Mikami Y, Matsuzaki H, Horie M, Noguchi S, Jo T, Narumoto O, Kohyama T, Takizawa H, Nagase T, Yamauchi Y - PLoS ONE (2014)

Bottom Line: LIGHT also induced luciferase activity of NF-κB response element, but not of activator protein-1 or serum response element.Specific inhibitors of phosphorylation of extracellular signal-regulated kinase (Erk) and that of inhibitor κB attenuated IL-8 production, suggesting that LIGHT-LTβR signaling induces IL-8 production via the Erk and NF-κB pathways.LIGHT, via LTβR signaling, may contribute to exacerbation of airway neutrophilic inflammation through cytokine and chemokine production by bronchial epithelial cells.

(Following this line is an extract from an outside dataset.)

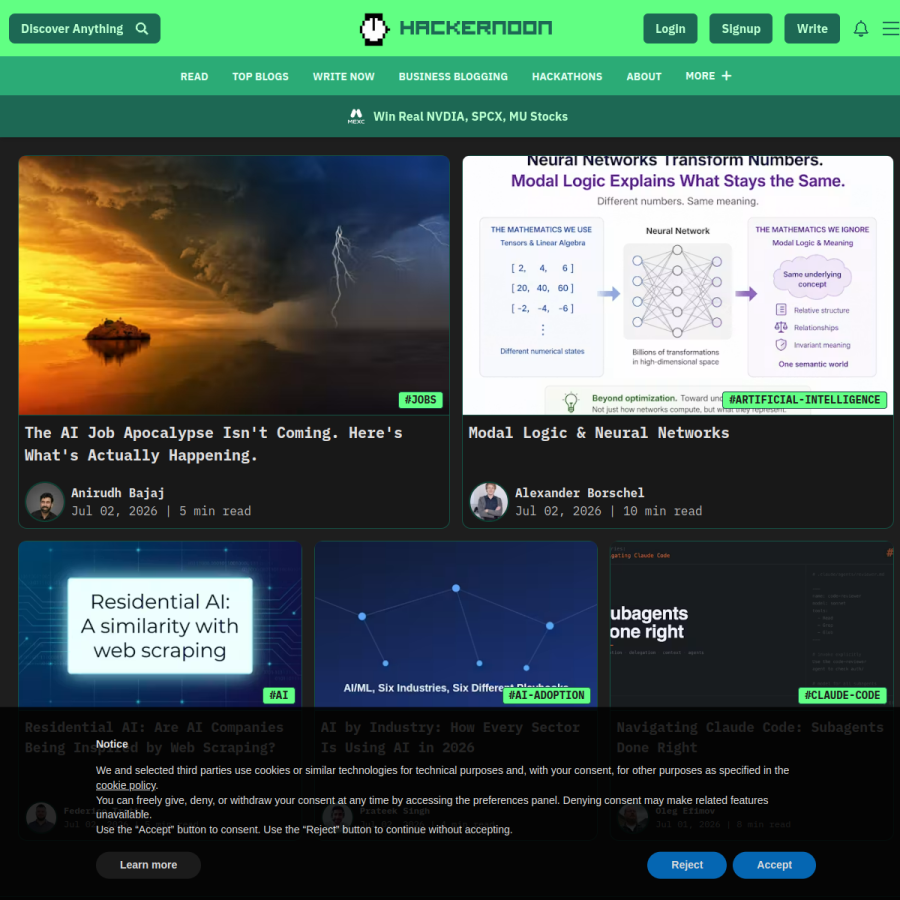hackernoon.com homepage screenshot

View Article: PubMed Central - PubMed

Affiliation: Department of Respiratory Medicine, Graduate School of Medicine, The University of Tokyo, Tokyo, Japan.

ABSTRACT
Asthma-related mortality has been decreasing due to inhaled corticosteroid use, but severe asthma remains a major clinical problem. One characteristic of severe asthma is resistance to steroid therapy, which is related to neutrophilic inflammation. Recently, the tumor necrosis factor superfamily member (TNFSF) 14/LIGHT has been recognized as a key mediator in severe asthmatic airway inflammation. However, the profiles and intracellular mechanisms of cytokine/chemokine production induced in cells by LIGHT are poorly understood. We aimed to elucidate the molecular mechanism of LIGHT-induced cytokine/chemokine production by bronchial epithelial cells. Human bronchial epithelial cells express lymphotoxin β receptor (LTβR), but not herpesvirus entry mediator, which are receptors for LIGHT. LIGHT induced various cytokines/chemokines, such as interleukin (IL)-6, oncostatin M, monocyte chemotactic protein-1, growth-regulated protein α and IL-8. Specific siRNA for LTβR attenuated IL-6 and IL-8 production by BEAS-2B and normal human bronchial epithelial cells. LIGHT activated intracellular signaling, such as mitogen-activated protein kinase and nuclear factor-κB (NF-κB) signaling. LIGHT also induced luciferase activity of NF-κB response element, but not of activator protein-1 or serum response element. Specific inhibitors of phosphorylation of extracellular signal-regulated kinase (Erk) and that of inhibitor κB attenuated IL-8 production, suggesting that LIGHT-LTβR signaling induces IL-8 production via the Erk and NF-κB pathways. LIGHT, via LTβR signaling, may contribute to exacerbation of airway neutrophilic inflammation through cytokine and chemokine production by bronchial epithelial cells.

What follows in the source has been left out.